• **Work to be completed**: The material below contains a line with "Grave acidente com" and a line with "Der Tower ist". Copy exactly those two lines and all lines between them.

• **Material provided**:
####
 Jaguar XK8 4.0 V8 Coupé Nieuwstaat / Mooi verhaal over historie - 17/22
####
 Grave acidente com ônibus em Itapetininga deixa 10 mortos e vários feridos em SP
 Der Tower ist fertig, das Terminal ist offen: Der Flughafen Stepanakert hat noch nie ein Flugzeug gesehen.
####
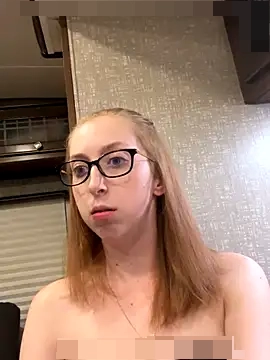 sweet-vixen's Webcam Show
####
• **Answer to this task**:
 Grave acidente com ônibus em Itapetininga deixa 10 mortos e vários feridos em SP
 Der Tower ist fertig, das Terminal ist offen: Der Flughafen Stepanakert hat noch nie ein Flugzeug gesehen.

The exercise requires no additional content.